Meet Keri Cusson DeFusco and Mikaeala Thiboutot, FoodCorps Service Members

Keri and Mikaela work with Grow Education’s partnered elementary schools to co-teach classroom lessons on agriculture, nutrition and healthy lifestyles, support kids to eat healthy foods in the cafeterias, and build a culture of health across the district!


Where do you find inspiration? 

Keri: I find inspiration in nature. The diversity of plants and creatures that we have here just in MA amazes me. Nature is resilient and beautiful. My senses are filled when stepping outside away from screens and man-made structures.

Mikaela: I find inspiration in people standing up for what they believe in. It makes me believe in something worth fighting for. That inspires me to keep pushing along and giving life my all.

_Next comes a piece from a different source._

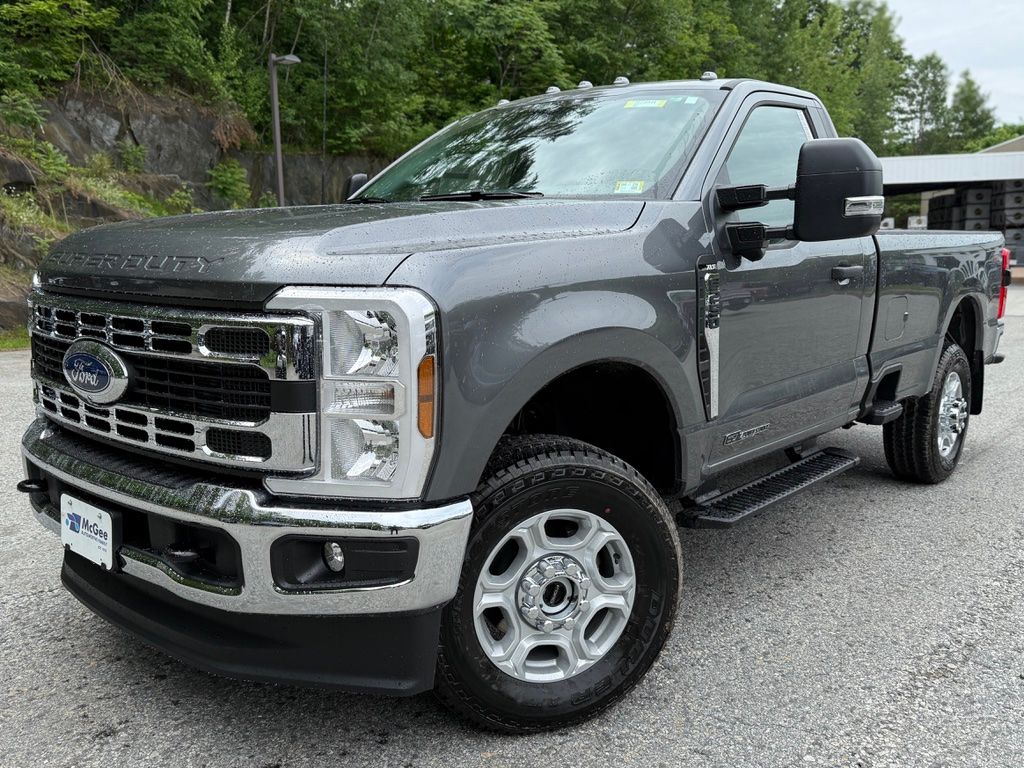 2025 Ford F-250 Super Duty XLT's photo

How do you like to be active?

Mikaela: Most of all, I love to dance! I have been dancing since I was three years old; and I don’t see an end in sight. Other than dancing, I like to stay active by going for walks and playing tennis.

Are there any foods you wouldn’t eat as a child but eat now?  

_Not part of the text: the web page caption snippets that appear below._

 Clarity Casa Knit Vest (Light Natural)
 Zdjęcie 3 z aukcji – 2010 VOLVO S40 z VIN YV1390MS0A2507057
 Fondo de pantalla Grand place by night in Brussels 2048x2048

Keri: Tons! I didn’t like the “green specs” (herbs!) my mom would add to recipes. I was also not a fan of onions, green olives, and beets; but now I love them all!

What’s your favorite dish from your culture?

Mikaela: My dad’s entire family is French Canadian. His grandparents came from Quebec. For generations, a recipe for French meat pie has been passed down through my family. While I don’t typically eat much meat, I will make an exception for French meat pie. It’s nice to taste the flavors my ancestors cultivated.

Do you have a favorite food show or movie?

Keri: Food TV is my favorite TV! I love watching Food Network shows like Chopped and Beat Bobby Flay. I also like to watch Gordon Ramsay’s Master Chef and who can forget The Great British Baking Show?!

If you could grow an endless supply of something, what would it be?

Mikaela: I might need an endless supply of rice cakes. It might sound boring, but I add lots of toppings and make them into a delicious snack! My favorite way to eat rice cakes is topped with almond butter, apple butter, banana slices, and chocolate chips. I make sure to put them in the toaster oven so the chocolate melts!

What do you wish you learned about food when you were in 3rd grade?

Keri: I wish I had learned more about food additives when I was in 3rd grade. I wish I knew how to read the ingredients list and not just the nutrition facts. In my opinion it’s so much more important to know WHAT you’re eating rather than how many calories it has.

Mikaela: Most importantly to me, I wish I had a stronger connection to food when I was in 3rd grade. At the time, I was interested in cooking (my best friend and I were plotting our future restaurant and even made sample menus!), but I was not invested in the source of my food. I wish I had learned about how to grow food and source it locally.

What’s something you’ve learned about food that you found interesting or useful?

Keri: The plants we eat are amazing! I’ve learned that transformation is in our own hands and we can do so much to make plants taste and look delicious. Transforming a plants’ texture is the most fun for me. I like to make fluffy cashew desserts and blended vegetable soups.

Mikaela: Having studied nutrition and agriculture in college and working with food for years, I’ve learned so much useful information!  One of the biggest takeaways for me personally was learning how to trust my body. Listening to my cravings, my hunger and satiety cues, and generally being present with my food as I eat has transformed my relationship to food.